Your objective: Look in the material below for the line holding "Tricou DSQUARED2 Caten T-Shirt BIANCO". Set it down exactly, with each later line up to and including the line holding "Фотография: Спальня в".

[Start of section]

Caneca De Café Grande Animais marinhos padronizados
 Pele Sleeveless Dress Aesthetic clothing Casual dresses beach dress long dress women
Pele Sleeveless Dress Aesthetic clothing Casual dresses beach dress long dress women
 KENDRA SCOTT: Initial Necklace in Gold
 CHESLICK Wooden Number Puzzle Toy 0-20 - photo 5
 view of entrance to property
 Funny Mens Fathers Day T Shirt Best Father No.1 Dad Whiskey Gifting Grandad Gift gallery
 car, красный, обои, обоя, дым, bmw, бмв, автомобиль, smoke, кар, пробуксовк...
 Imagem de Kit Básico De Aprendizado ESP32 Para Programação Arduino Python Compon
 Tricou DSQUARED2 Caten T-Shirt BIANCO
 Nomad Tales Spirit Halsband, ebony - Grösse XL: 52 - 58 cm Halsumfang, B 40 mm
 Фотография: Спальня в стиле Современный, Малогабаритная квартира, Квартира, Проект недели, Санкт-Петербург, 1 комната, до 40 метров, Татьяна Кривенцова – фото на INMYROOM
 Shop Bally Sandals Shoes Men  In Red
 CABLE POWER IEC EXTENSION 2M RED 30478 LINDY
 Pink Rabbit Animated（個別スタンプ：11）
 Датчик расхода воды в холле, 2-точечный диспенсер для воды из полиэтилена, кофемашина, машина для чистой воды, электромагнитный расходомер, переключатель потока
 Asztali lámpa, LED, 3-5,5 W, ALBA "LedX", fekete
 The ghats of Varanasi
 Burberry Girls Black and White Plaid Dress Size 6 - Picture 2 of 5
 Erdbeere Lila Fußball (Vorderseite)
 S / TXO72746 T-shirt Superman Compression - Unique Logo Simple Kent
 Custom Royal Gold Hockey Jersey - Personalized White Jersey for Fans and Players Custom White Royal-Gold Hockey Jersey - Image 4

[End of section]

Result for this task:
 Tricou DSQUARED2 Caten T-Shirt BIANCO
 Nomad Tales Spirit Halsband, ebony - Grösse XL: 52 - 58 cm Halsumfang, B 40 mm
 Фотография: Спальня в стиле Современный, Малогабаритная квартира, Квартира, Проект недели, Санкт-Петербург, 1 комната, до 40 метров, Татьяна Кривенцова – фото на INMYROOM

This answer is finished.